This dating diamond from Maryanne Comaroto concludes from the previous post.
Repetitious behavior in and of itself is not inherently bad; we count on some of our repetitive behaviors to create success. It’s when repetitious behavior is deleterious or destructive that we need to be concerned. At which point, if we can catch it, we have an invitation for self-inquiry and deeper examination. We can take an investigative look at what we really long for or need. Then we can choose conscious, healthy ways of giving ourselves just that, so we can avoid harming ourselves and anyone else any further.
I know, how boring! Bring me the drama, I like the bad boys and the tortured souls, it’s so much more interesting and fun. Maybe…temporarily. I would argue that in the long run it’s depleting and soul-sucking, and often proves to be dangerous. If you think you might be one of the hundreds of thousands of people affected by relationship addiction each year, here’s a quiz that may help you tell:
? Do you feel a kind of high when this person calls or makes contact with you?

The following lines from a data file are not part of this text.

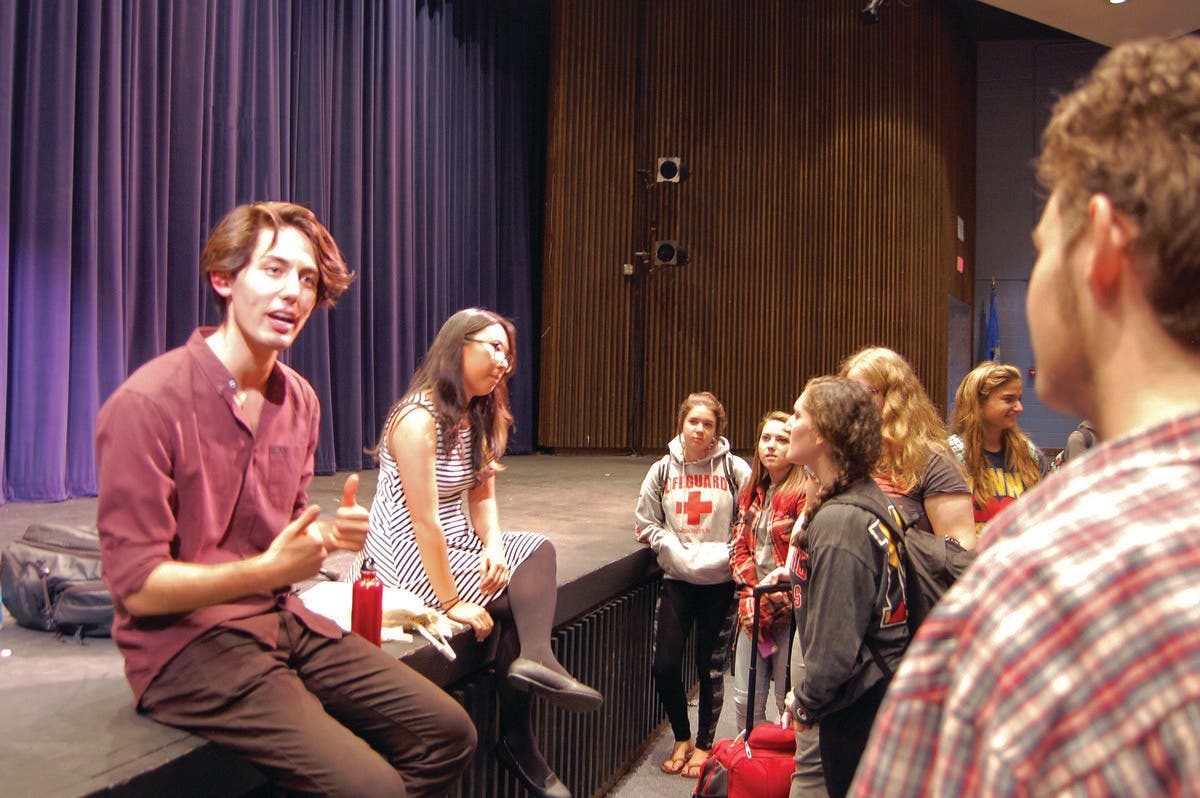 News small post card thumbnail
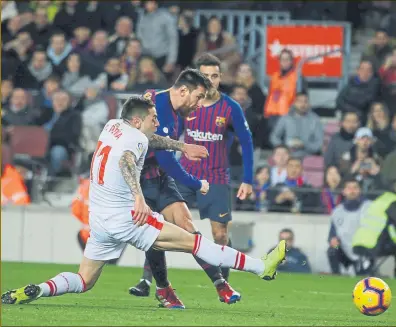  ?? FOTO: PEP MORATA ?? Messi no faltó a su cita con el gol. El Eibar volvió a ser víctima del mejor goleador de la historia de la Liga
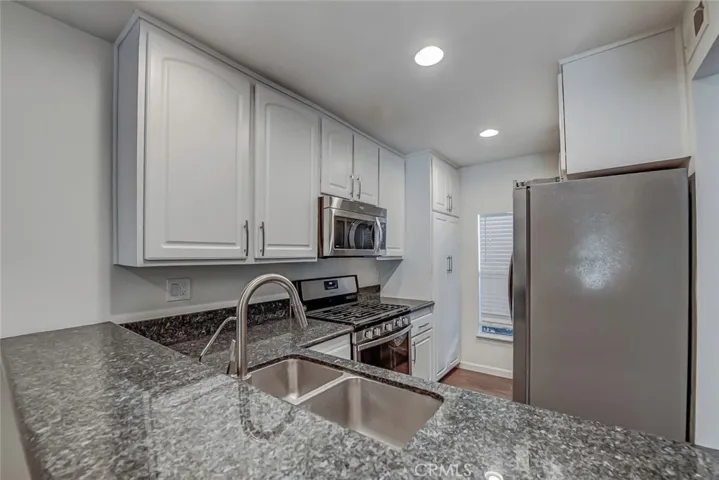 Spacious Kitchen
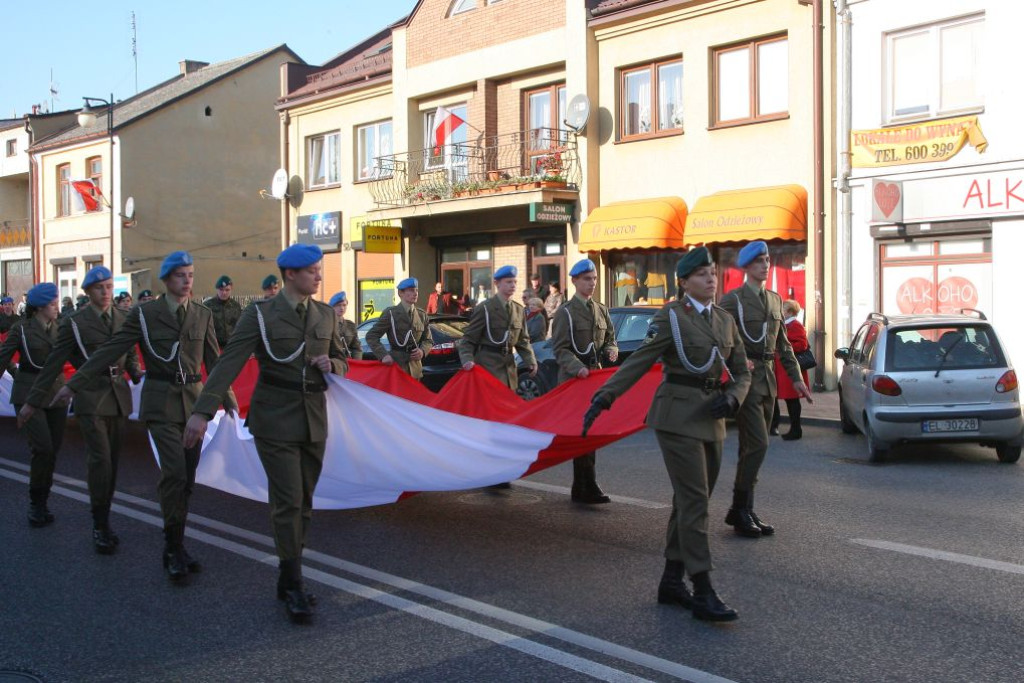 W wielkim pochodzie świętowano Dzień Niepodległości w Końskich [Fotorelacja]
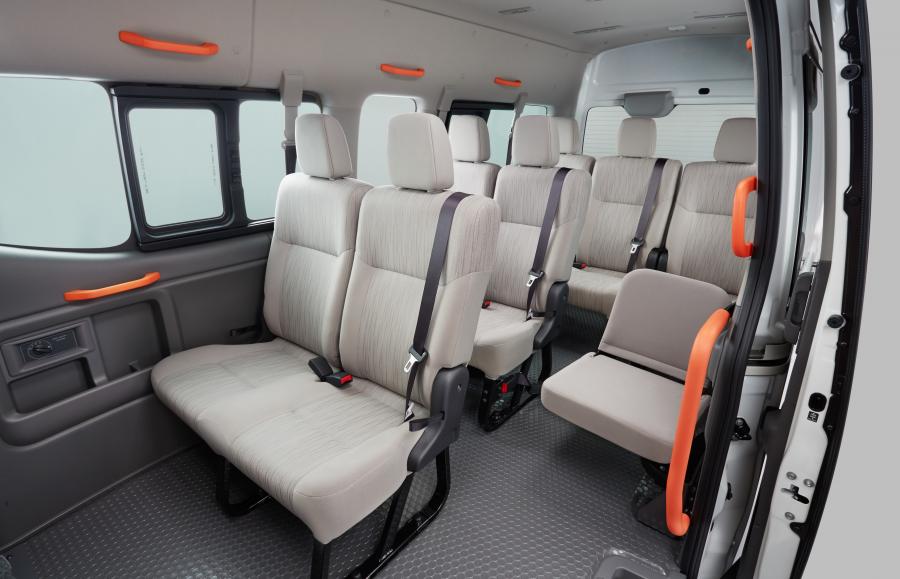 Интерьер Nissan NV350 Caravan 2017 года  (фото 4 из 5)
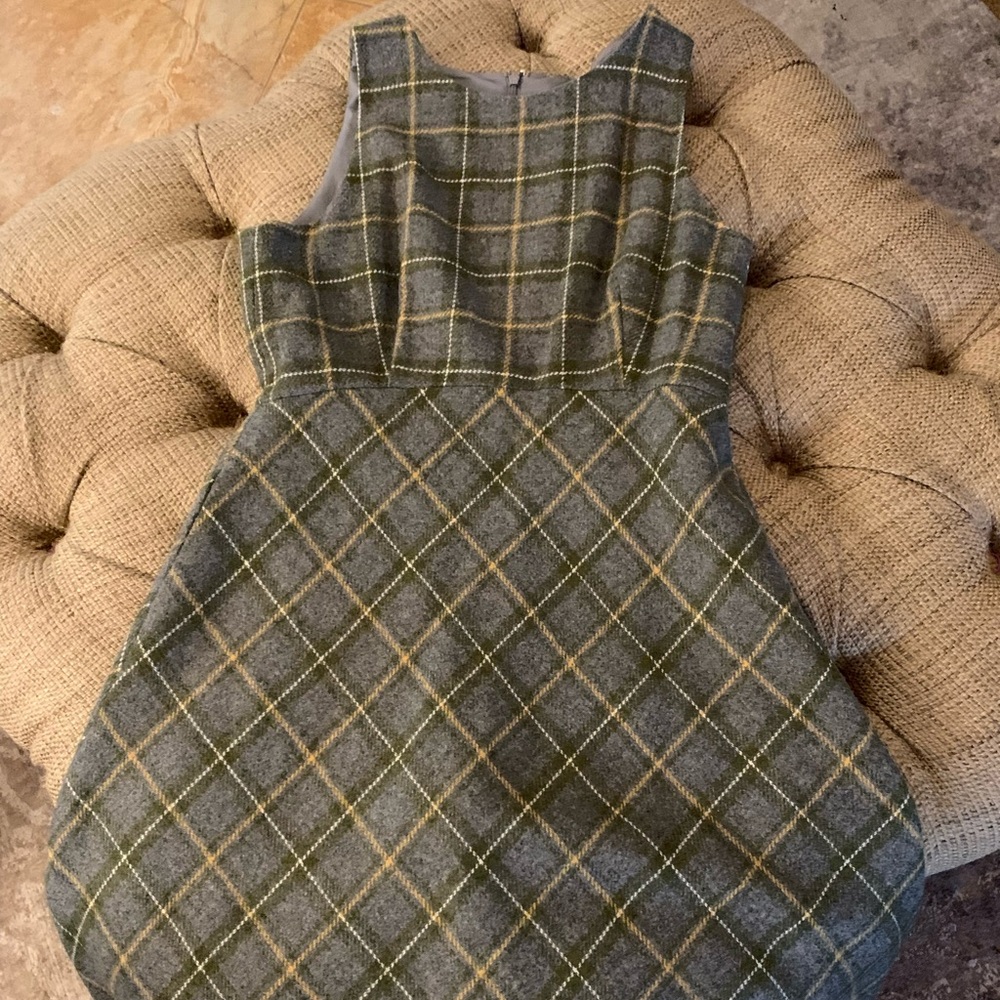 Banana Republic plaid wool shell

? Does your attraction seem somehow bigger than you?
? Do you feel agitated or restless when you don’t know where they are?
? Is there a sense of the forbidden in the relationship?
? Do you find yourself doing (or not doing) things you normally would (or would not) with this person?
? Have you found yourself increasingly rationalizing their actions or behavior?
? Do you feel more insecure or suspicious than usual, in this relationship?
? Do you find yourself trying to be sexier, more accommodating or agreeable, in hopes of holding this person’s interest?
? Does this person display behaviors and values that you find dissimilar to your own?
? Do you know deep inside that this person isn’t right for you, but something keeps you there?
? Do you feel empty or ultimately unfulfilled by this person and the relationship as time has gone by?
? Has the relationship negatively affected any of your other relationships with children, family or friends?
? Do you, despite knowing the relationship is unhealthy or even a dangerous relationship addiction, keep finding reasons to stay?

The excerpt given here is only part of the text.